- **Task requirements**: Every line that contains the word "Chapter" is to be copied from the listing.

- **Data shown**:

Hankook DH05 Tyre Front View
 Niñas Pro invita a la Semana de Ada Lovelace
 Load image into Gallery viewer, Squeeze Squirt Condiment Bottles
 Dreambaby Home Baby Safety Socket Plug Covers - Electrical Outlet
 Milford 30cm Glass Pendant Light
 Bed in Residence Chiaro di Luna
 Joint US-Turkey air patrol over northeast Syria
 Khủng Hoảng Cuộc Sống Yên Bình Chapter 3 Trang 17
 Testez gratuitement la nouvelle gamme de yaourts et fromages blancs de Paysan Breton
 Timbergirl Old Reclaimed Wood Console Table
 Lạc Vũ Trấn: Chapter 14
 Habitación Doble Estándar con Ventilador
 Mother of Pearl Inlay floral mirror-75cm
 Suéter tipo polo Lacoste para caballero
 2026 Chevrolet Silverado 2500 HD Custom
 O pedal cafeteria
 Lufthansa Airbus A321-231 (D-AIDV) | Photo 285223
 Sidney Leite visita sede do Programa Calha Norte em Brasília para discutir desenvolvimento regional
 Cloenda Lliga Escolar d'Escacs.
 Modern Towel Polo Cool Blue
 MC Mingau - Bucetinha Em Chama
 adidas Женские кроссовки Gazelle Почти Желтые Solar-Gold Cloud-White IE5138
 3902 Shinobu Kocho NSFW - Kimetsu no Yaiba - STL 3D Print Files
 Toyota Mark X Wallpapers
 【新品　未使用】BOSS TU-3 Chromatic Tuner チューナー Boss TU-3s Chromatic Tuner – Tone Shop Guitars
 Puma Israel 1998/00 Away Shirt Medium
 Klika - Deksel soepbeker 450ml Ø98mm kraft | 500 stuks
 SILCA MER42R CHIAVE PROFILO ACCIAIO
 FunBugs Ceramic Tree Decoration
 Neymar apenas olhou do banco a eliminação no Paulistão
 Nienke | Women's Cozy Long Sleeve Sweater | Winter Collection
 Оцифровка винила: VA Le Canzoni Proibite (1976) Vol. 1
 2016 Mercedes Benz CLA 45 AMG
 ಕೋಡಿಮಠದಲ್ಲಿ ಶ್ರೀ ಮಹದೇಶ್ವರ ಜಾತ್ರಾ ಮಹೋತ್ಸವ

- **Output for this exercise**:
 Khủng Hoảng Cuộc Sống Yên Bình Chapter 3 Trang 17
 Lạc Vũ Trấn: Chapter 14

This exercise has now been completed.